Here are the rulesets for the declarativeNetRequest: https://github.com/joelacus/RedditEnhancer/tree/main/src-webpack/src/common/rules

I hope this alleviates any concerns.

eirnym commented 2 months ago

There's redirect bypasser and many other similar addons out there. I understand your idea to put everything into a single plugin, but I prefer different addons for different responsibilities.

joelacus commented 2 months ago

Someone else wanted this redirect feature improved so they don't have to use multiple addons. I guess I can't please everyone. You can easily turn off the redirect feature though and continue using this other addon if you wish. Otherwise, you can stay on version 1.9.0, or compile your own version of Reddit Enhancer without the redirect feature. I'm not sure what else I can do.

eirnym commented 2 months ago

I worry about permissions I give each plugin and how they interfere between each other. There's many other plugins which doesn't require web filtering feature but do their job and I prefer other methods of doing the same thing.

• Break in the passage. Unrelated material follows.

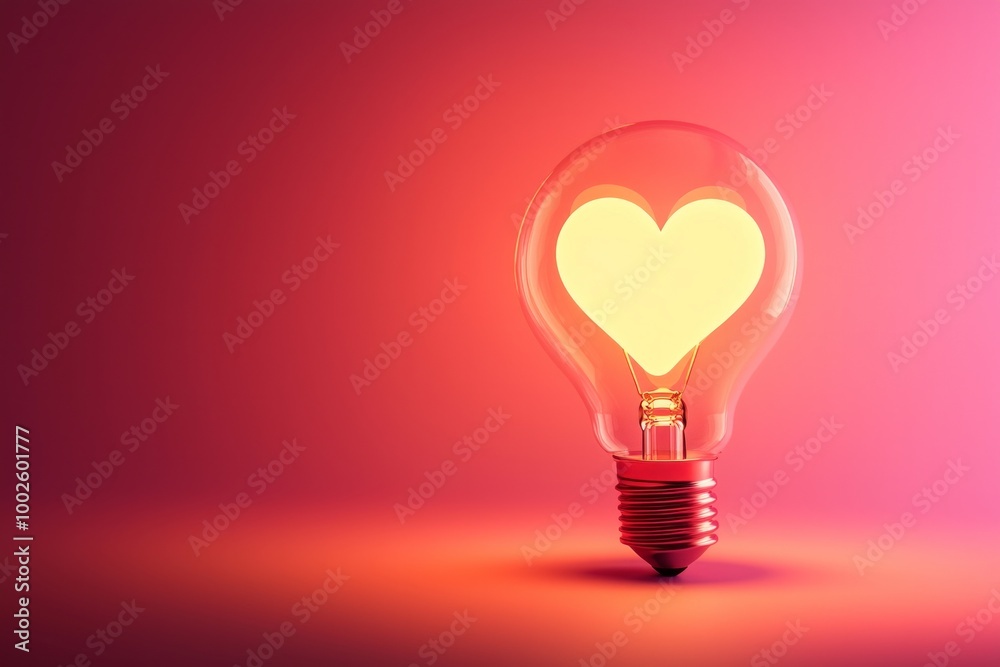 A lightbulb illuminated with a glowing heart icon, set on a soft, warm pink and red gradient background, representing love and passion-driven ideas A lightbulb illuminated with a glowing heart icon, set on a soft, warm pink and red gradient background, representing love and passion-driven ideas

joelacus commented 2 months ago

I would have used "webRequestBlocking", but Google has deprecated this in manifest version 3, and suggests instead to use "declarativeNetRequest". Using this allows the redirect feature to work on all browsers with the same code. If you are worried about it interfering with other redirecting addons, you can disable this feature. If you have any security concerns, the code is open source so you can check the code. I try to use as fewer permissions as possible, but I needed this one. I understand I could lose some users, but I don't know what else I can do.

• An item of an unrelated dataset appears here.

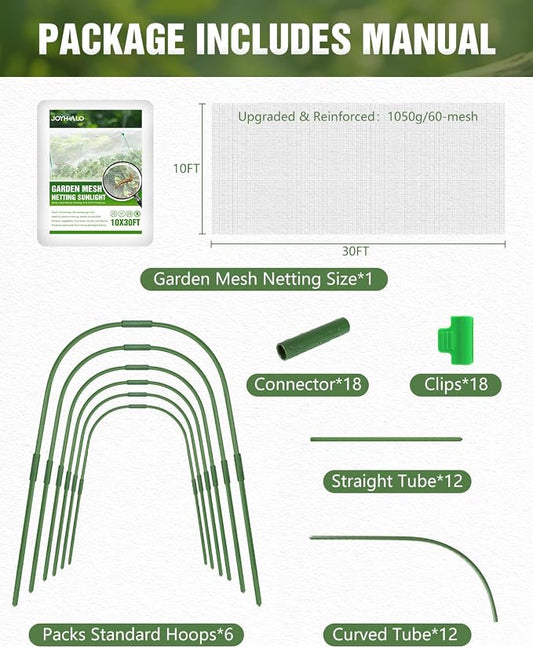 6 Sets Garden Hoops with 10x30 Ft Netting for Raised Beds, 18 Clips | 10x30 Ft Garden Net, Bird & Cicada Net for greenhouse, Vegetables, Trees, Garden crops, Plant cover, Frost guard, Shade cloth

eirnym commented 2 months ago

Even without webRequestBlocking. For example take a plugin for Indie Wiki as an example.

It does the job without invasive operations. You can do the same

joelacus commented 2 months ago

Even if I rewrote the redirect feature to use webRequest, I would still need the declarativeNetRequest permission for Chrome/Edge users for the "Just Open The Image" feature, due to "webRequestBlocking" being deprecated in manifest version 3. Chrome/Edge users would then need the additional webRequest permission. I'd be just shifting the extra permission from Firefox users to Chrome/Edge users. I'm not going to maintain two different pieces of code which do the same job.

Anyway, webRequest is arguably more invasive, less secure, and slower. It gives the extension access to all traffic and it's up to the extension to deal with the logic. declarativeNetRequest on the other hand has a defined set of rules managed by the browser, making it more secure as the extension can't read the traffic, and also much faster and easier to maintain. webRequest is only still required for the "Just Open The Image" feature on Firefox. I may eventually make it use the same code as in the Chrome/Edge version as it would simplify the overall code and remove the necessity for the webRequest permission from Firefox.

Like I said before, if you are concerned about it interfering with other redirecting addons, or would prefer to use another for redirection, you can disable this feature.